Dr. Murphy's expertise lies in invasive insect and weed biocontrol and integrated pest management (IPM). He works on biological control and IPM programmes (pre and post harvest) on a range of crops in tropcial areas. He has produced expert documents for international conventions and invited experts on international convention working groups (IPCC and CBD).

Dr Nicholas Nash
Research Fellow
School of Psychology, Cardiff University, UK

My research interests broadly revolve around social psychological approaches to environmental psychology, primarily using qualitative methodologies or mixed methods. Currently, I am involved in research examining the complex and contextual nature of individual-level perceptions of climate change and pro-environmental behaviour, in Wales and cross-culturally.

Dr. Sarah Brauner Otto
Associate Professor
McGill University, Canada

Dr. Brauner Otto is a social demographer studying global family change with a focus on the relationship between social context (e.g. schools, community organizations) and demographic behaviors over the life course. She is particularly interested in which dimensions of social context (e.g. characteristics of schools or health services) matter the most and how context influences the individual.

Prof. Dr. Lisa D. Pearce
Professor
Department of Sociology, University of North Carolina at Chapel Hill, USA

Dr. Pearce is a Professor in the Department of Sociology and a Faculty Fellow at the Carolina Population Center at the University of North Carolina at Chapel Hill. Her research focuses on religious and family dynamics (especially relationships between the two) from adolescence through the transition to adulthood. She has ongoing research in the United States, Nepal, and Kenya. Pearce’s work often mixes survey and semi-structured interview methods, and she writes and teaches about mixed methods research.

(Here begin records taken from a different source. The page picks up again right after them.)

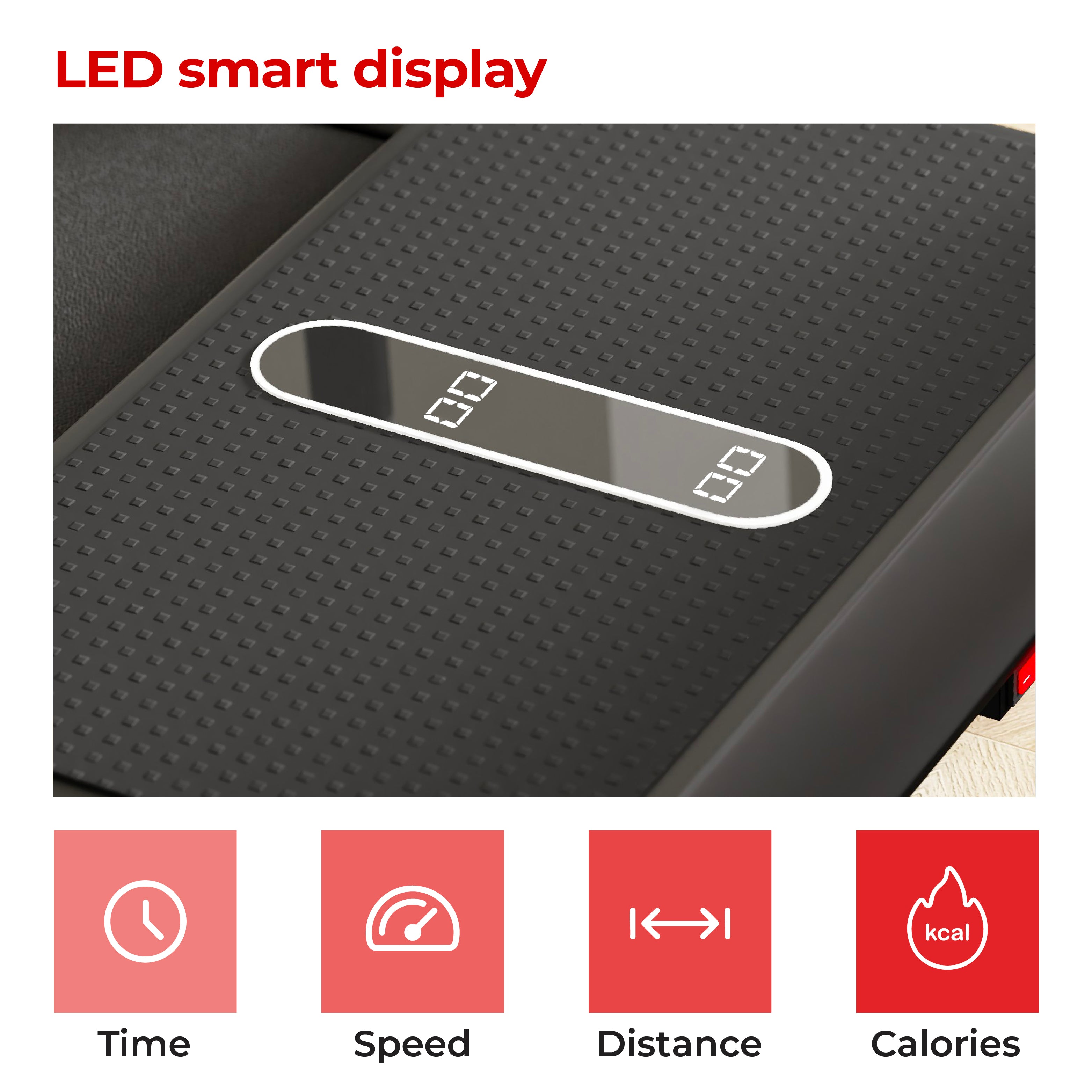 Motorized Treadmill with 4 HP Peak Motor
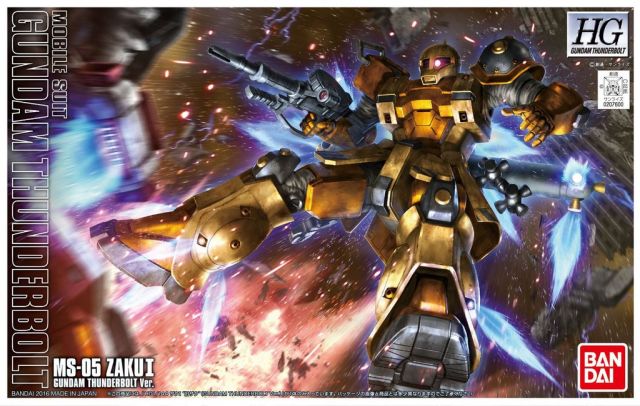 Gundam Gunpla HG 1/144 Zaku I Thunderbolt Ver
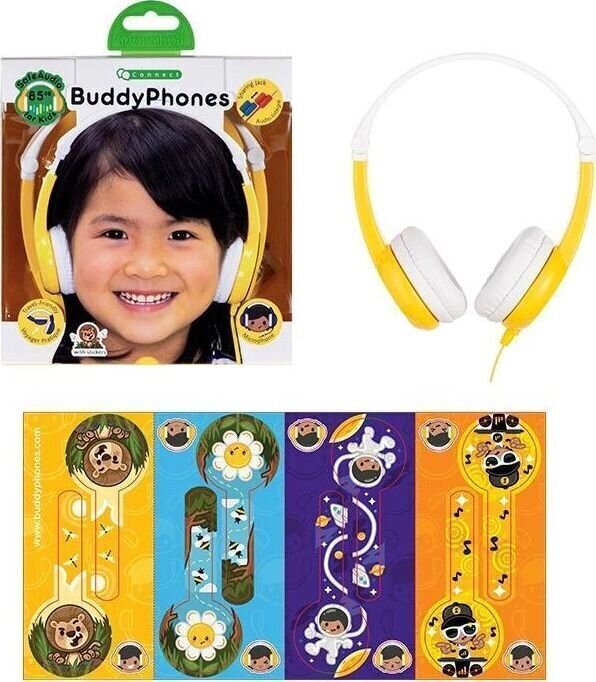 BuddyPhones 3+ Connect 85 hind ja info | Kõrvaklapid | kaup24.ee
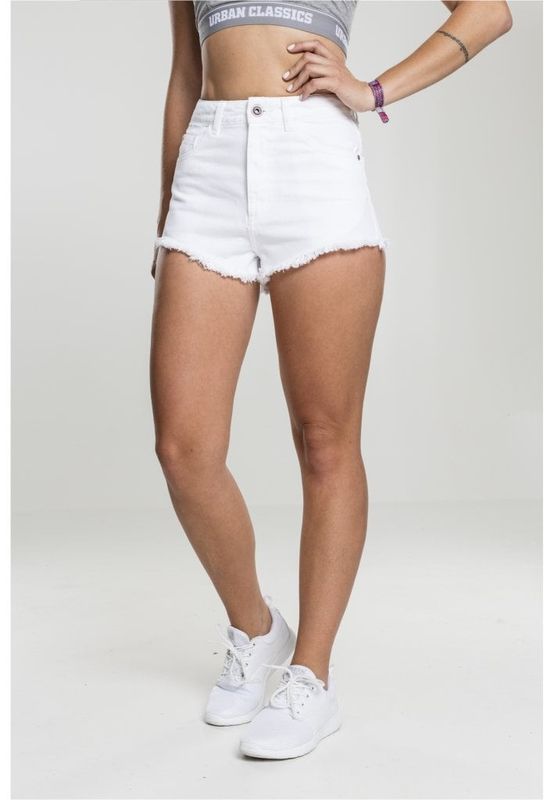 Jeans shorts med høj talje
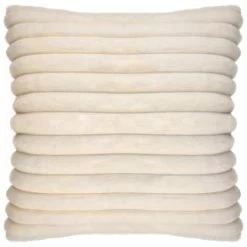 B&M Alaska Faux Fur Cushion - Cream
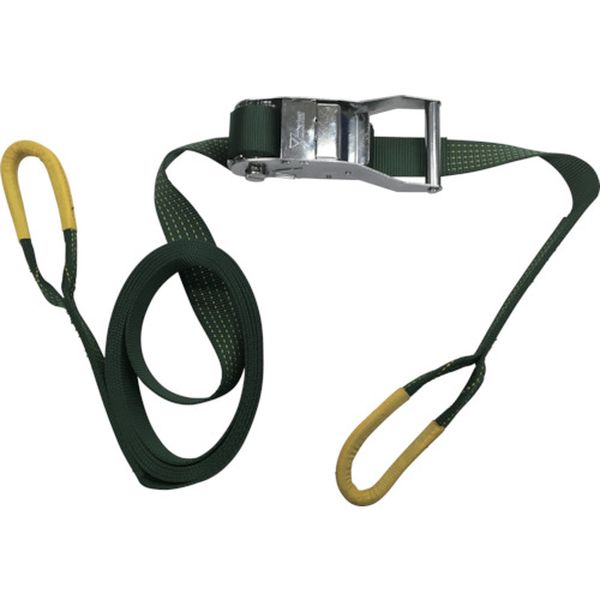 【メーカー在庫あり】 V50RD (株)ユタカメイク ユタカメイク ベルト荷締機コブラ 50mm×5m×1m シボリ縫..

Prof. Dr. Rebecca L. Thornton
Associate Professor
Department of Economics, University of Illinois, USA

Dr. Thornton's research focuses on issues related to health and education in developing countries and has involved field-experiments in Africa and South Asia. Current work includes examining how learning HIV results affect savings and investment behavior, measuring how financial incentives to stay HIV negative affect sexual behavior, and examining how menstruation affects education and labor force participation.

Prof. Dr. Abigail York
Associate Professor
School of Human Evolution and Social Change, Arizona State University,USA


Associate Director
Center for Biodiversity Outcomes, Arizona State University,USA


Senior Sustainability Scientist
Julie Ann Wrigley Global Institute of Sustainability, Arizona State University,USA

Prof. Dr. York investigates how, when, why, and who is able to manage neighborhoods, cities, forests, water resources, biodiversity hotpots, and agricultural lands sustainably. York deploys diverse methods including econometrics, social network analysis, spatial analysis, surveys, content analysis, and fieldwork; results from this work are integrated into decision-making models, agent-based models, and scenarios.

Dr. Alexandra Zimmermann
Head of Conservation Science, Senior Research Associate
WildCRU University of Oxford, UK

Dr. Zimmermann specialises in human-wildlife conflict and socio-cultural aspects of wildlife conservation and development. She is director of Conservation Science at Chester Zoo and is an expert on the role of zoos in conservation. She also researches cases in which humans and endangered species come into conflict, for instance jaguars preying on cattle, or crocodiles attacking people. She studies the underlying social, cultural and political drivers of conflict, and develops strategies for mediation.